• **WORK TASK**:
Retype all of the entries that appear below, keeping them exactly as they are.
--- DATA TO EXAMINE Enclosed Below ---
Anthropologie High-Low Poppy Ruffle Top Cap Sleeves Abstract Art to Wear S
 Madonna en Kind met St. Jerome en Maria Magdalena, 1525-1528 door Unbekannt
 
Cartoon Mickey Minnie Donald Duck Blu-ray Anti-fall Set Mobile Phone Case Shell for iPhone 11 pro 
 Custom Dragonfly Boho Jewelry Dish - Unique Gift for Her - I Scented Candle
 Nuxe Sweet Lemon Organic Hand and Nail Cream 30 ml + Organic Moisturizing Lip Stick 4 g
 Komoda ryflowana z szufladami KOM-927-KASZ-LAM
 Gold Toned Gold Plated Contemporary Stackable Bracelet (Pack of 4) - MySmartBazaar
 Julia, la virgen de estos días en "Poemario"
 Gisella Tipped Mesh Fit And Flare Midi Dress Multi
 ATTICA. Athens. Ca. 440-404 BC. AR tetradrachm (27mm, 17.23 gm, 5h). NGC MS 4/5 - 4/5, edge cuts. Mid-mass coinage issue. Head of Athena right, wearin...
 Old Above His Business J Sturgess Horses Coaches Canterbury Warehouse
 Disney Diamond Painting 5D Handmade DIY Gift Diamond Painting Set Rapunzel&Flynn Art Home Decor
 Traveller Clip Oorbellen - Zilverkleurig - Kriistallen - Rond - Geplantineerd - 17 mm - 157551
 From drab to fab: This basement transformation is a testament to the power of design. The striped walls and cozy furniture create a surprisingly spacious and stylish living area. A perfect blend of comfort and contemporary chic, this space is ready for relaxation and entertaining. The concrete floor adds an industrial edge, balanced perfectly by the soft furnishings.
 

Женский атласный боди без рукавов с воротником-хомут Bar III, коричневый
--- End of Enclosed DATA TO EXAMINE ---
• **OUTPUT FOR THIS TASK**:
Anthropologie High-Low Poppy Ruffle Top Cap Sleeves Abstract Art to Wear S
 Madonna en Kind met St. Jerome en Maria Magdalena, 1525-1528 door Unbekannt
 
Cartoon Mickey Minnie Donald Duck Blu-ray Anti-fall Set Mobile Phone Case Shell for iPhone 11 pro 
 Custom Dragonfly Boho Jewelry Dish - Unique Gift for Her - I Scented Candle
 Nuxe Sweet Lemon Organic Hand and Nail Cream 30 ml + Organic Moisturizing Lip Stick 4 g
 Komoda ryflowana z szufladami KOM-927-KASZ-LAM
 Gold Toned Gold Plated Contemporary Stackable Bracelet (Pack of 4) - MySmartBazaar
 Julia, la virgen de estos días en "Poemario"
 Gisella Tipped Mesh Fit And Flare Midi Dress Multi
 ATTICA. Athens. Ca. 440-404 BC. AR tetradrachm (27mm, 17.23 gm, 5h). NGC MS 4/5 - 4/5, edge cuts. Mid-mass coinage issue. Head of Athena right, wearin...
 Old Above His Business J Sturgess Horses Coaches Canterbury Warehouse
 Disney Diamond Painting 5D Handmade DIY Gift Diamond Painting Set Rapunzel&Flynn Art Home Decor
 Traveller Clip Oorbellen - Zilverkleurig - Kriistallen - Rond - Geplantineerd - 17 mm - 157551
 From drab to fab: This basement transformation is a testament to the power of design. The striped walls and cozy furniture create a surprisingly spacious and stylish living area. A perfect blend of comfort and contemporary chic, this space is ready for relaxation and entertaining. The concrete floor adds an industrial edge, balanced perfectly by the soft furnishings.
 

Женский атласный боди без рукавов с воротником-хомут Bar III, коричневый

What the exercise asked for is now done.